В этих двух идеях опять-таки скрыто присутствует тезис о тварности Сына. Если спасение каждого человека индивидуально предопределено свыше, то крестный подвиг Сына Божия ничего не меняет в Божественном установлении, поэтому такой подвиг может совершить не обязательно Бог, а любое тварное существо. У свидетелей Иеговы это доведено до логического конца – у них при прямом утверждении тварности Сына присутствует и хилиастическое учение о тысячелетнем царстве, так что у них мы встречаем классическое соединение идей, – то, которое было и у первопроходцев-евионитов. Однако у иеговистов учение о тысячелетнем царстве приобрело современные и легко узнаваемые черты, потому что Христос у них возглавит мировое правительство, которое установит царство всеобщего благоденствия для тех, которые не смогли войти в число 144 тысяч избранных, обретших обитель на небе. Этот рассказ о мировом правительстве с тварным существом во главе – есть прямо-таки откровение об антихристе.

Учение иеговистов не является для Запада какой-то чуждой идеей, случайно занесенной туда ветром веков. Оно есть органичное развитие религиозных идей всего западного христианства. Собственно, к столь же радикальным выводам сегодня приходят и католики. Ближайший сотрудник папы Иоанна-Павла II Патрик де Лобье, занимавшийся выработкой социальной концепции католичества, высказал очень интересные для контекста данной главы мысли. В предисловии к его книге «Время конца времен», представляющий автора Р. Лорентен так характеризует суть предлагаемой де Лобье концепции:

«Вопреки трагической перспективе протестантского теолога Карла Барта, Патрик де Лобье, следуя за Лактацием, Бонавентурой и Николаем Кузанским, считает, что Царство Божие осуществится в рамках истории, на земле. Это будет цивилизация любви, предвозвещенная Павлом VI и постоянно упоминаемая Иоанном-Павлом II» [268].

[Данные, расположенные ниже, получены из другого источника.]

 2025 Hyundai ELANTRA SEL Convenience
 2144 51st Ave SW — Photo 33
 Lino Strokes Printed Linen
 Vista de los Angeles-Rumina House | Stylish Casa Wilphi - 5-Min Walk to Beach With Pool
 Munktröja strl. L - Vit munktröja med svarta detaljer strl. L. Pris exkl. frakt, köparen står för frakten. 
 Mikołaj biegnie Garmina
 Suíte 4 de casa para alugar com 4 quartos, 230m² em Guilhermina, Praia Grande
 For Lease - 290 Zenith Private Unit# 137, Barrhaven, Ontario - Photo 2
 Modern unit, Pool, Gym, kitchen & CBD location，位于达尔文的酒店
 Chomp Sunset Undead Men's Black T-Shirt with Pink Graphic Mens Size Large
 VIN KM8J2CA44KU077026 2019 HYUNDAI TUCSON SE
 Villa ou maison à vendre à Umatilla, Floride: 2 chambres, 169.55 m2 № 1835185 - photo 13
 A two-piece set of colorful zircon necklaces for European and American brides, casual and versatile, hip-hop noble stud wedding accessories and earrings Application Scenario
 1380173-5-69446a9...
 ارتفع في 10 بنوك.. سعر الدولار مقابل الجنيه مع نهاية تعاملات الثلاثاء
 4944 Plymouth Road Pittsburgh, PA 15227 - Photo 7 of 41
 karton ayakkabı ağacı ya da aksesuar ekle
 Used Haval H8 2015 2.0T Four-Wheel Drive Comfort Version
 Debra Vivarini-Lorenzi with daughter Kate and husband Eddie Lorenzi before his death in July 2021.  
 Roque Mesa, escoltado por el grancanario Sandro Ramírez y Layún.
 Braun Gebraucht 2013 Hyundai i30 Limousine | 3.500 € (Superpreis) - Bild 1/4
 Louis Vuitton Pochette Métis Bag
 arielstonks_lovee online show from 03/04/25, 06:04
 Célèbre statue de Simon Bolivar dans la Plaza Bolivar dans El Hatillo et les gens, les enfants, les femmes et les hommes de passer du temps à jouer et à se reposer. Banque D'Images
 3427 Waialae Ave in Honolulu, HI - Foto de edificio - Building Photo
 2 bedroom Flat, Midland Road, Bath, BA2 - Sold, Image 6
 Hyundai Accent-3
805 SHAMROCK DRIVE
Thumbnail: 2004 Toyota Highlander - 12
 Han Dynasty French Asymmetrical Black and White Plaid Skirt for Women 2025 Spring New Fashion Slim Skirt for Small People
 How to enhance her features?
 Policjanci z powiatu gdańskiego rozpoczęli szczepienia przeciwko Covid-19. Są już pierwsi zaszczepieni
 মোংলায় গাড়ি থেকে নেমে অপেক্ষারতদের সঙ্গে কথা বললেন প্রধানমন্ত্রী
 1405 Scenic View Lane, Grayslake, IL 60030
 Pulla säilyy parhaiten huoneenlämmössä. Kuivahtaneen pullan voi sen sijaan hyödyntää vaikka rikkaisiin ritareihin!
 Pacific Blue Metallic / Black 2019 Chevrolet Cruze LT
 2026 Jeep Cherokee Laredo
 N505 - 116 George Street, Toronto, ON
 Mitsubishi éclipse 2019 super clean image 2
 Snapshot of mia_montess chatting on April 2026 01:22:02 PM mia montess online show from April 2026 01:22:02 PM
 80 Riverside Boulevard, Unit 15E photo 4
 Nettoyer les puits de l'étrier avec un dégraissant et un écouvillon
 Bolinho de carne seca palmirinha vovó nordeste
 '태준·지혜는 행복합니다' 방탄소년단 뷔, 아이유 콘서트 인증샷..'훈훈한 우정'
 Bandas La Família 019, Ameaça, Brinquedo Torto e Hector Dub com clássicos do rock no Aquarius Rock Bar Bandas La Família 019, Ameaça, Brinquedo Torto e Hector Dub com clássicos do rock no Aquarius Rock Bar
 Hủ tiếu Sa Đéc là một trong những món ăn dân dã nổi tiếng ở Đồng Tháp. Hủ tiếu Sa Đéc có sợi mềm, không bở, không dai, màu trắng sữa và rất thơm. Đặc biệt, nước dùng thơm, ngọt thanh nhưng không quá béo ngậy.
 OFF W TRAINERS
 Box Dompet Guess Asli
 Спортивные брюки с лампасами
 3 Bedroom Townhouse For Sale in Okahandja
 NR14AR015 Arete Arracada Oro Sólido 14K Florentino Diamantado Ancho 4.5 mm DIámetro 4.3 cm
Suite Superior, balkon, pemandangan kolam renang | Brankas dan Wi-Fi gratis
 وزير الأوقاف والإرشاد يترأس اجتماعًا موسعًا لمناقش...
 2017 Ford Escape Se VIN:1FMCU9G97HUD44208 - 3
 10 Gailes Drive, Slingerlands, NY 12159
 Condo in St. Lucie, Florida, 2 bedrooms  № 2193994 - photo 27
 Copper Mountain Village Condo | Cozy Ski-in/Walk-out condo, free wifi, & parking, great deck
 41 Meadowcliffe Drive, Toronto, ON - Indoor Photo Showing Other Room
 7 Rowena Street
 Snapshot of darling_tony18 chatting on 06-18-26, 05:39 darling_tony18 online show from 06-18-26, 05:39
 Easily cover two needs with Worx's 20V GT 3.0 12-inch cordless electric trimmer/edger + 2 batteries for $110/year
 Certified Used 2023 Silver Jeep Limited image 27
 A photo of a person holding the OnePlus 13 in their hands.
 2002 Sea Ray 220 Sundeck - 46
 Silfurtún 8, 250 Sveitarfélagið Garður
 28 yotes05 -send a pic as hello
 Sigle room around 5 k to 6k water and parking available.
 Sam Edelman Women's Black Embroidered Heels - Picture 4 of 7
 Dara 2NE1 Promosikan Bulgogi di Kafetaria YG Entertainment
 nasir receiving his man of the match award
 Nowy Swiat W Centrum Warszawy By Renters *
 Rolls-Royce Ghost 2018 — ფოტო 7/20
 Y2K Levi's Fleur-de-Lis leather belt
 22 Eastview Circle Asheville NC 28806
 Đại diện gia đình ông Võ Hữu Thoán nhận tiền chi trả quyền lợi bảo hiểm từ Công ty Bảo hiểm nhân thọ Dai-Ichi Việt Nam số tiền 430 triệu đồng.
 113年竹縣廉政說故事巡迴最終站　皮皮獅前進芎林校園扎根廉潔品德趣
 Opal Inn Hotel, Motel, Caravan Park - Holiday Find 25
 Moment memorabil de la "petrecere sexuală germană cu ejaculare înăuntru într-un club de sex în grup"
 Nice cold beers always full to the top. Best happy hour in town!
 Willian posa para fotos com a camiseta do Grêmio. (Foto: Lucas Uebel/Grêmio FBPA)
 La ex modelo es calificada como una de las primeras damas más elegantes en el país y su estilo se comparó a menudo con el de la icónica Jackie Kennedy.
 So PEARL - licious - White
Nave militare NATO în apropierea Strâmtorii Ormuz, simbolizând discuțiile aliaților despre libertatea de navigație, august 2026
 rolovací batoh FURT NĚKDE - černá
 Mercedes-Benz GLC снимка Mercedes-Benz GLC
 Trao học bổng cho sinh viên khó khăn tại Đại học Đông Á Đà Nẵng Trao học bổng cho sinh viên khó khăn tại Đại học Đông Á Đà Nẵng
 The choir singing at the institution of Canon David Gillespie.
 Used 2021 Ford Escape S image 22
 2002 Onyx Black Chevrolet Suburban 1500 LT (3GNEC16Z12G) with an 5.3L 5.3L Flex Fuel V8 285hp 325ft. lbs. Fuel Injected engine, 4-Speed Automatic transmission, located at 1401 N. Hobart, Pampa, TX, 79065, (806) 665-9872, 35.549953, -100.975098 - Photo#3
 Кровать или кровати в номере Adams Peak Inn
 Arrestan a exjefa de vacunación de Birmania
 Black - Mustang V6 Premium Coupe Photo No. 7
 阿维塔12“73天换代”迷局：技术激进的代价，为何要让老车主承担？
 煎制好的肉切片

Отвержение иерархии у многих протестантов также возможно только при бессознательном или прямом (как у «Свидетелей Иеговы») утверждении тезиса о тварности Сына. Если Иисус Христос не Бог, а человек, то Он не мог установить и Божественную иерархию, посредством которой Бог осуществляет духовное окормление паствы. По этой логике, такая иерархия есть чисто человеческое установление – ее можно упразднить, тем более, что благодатное освящение жизни свыше может помешать в деле спасения, ведь оно насилует человеческую свободу (иерархия же – инструмент этого «благодатного насилия»). К Божественному же предопределению иерархия также не имеет никакого отношения, ибо на исполнение Божественного предопределения не может ничто повлиять, в том числе и иерархия.

Тезис о тварности Сына скрыто содержится и в отвержении почитания Божией Матери. Если Иисус Христос не Бог, а человек, то и женщина, которая Его родила, не может называться Богородицей, выносившей в своем лоне Самого Бога. Она лишь простая женщина, которая родила человека – поэтому Она недостойна почитания, Она ведь такая же, как все остальные женщины.

В отвержении иконопочитания тоже можно найти такой скрытый тезис. Если Иисус Христос не Бог, а тварное существо, то, стало быть, не было и воплощения Бога. А раз не было воплощения Бога, то невозможно и Его изображение.

Отвержение протестантами молитв за усопших связано с учением о предопределении и о спасении только верою. Что же молиться за усопших, – это же в их судьбе ничего не изменит? – ведь ко спасению человек предопределен с самого начала и спасение его зависит только от веры. И здесь Иисус Христос как Божественный Мессия и сын Божий, как Спаситель человеку не нужен – Он ничего не может изменить в изначальном предопределении. Поэтому ничего не изменится от того, что Он будет тварным существом, а не Богом.

Хотя протестанты и называют Иисуса Христа Богом, но скрытые противоречия их догматической мысли вполне реализуются в религиозной жизни, – они живут так, что Христос совершенно удален от всех дел, как будто Он не Бог, а тварное существо. Такое непоследовательное учение порождает определенную психологию и мысль, что Христос чего-то недоделал, с чем-то не справился, – оно и понятно, к Нему относятся как к человеку или тварному существу, а у подобных существ могут быть и ошибки, и недоделки. Поэтому можно исправлять Его дела, доделывать и переделывать то, что Он не сумел сделать. По этой причине человек на Западе очень активен – он все время перестраивает свою жизнь, улучшает ее, но это улучшение жизни есть лишь приспособление ее к себе, к своим слабостям и страстям. Собственно это перестроение жизни происходит по недалекому от языческого идеала образцу, недаром коренной поворот истории Запада был возвратом к языческим ценностям, – эпоха Возрождения и эпоха Гуманизма прошла под девизом: человек сам по себе, по своей природе и естеству хорош [269].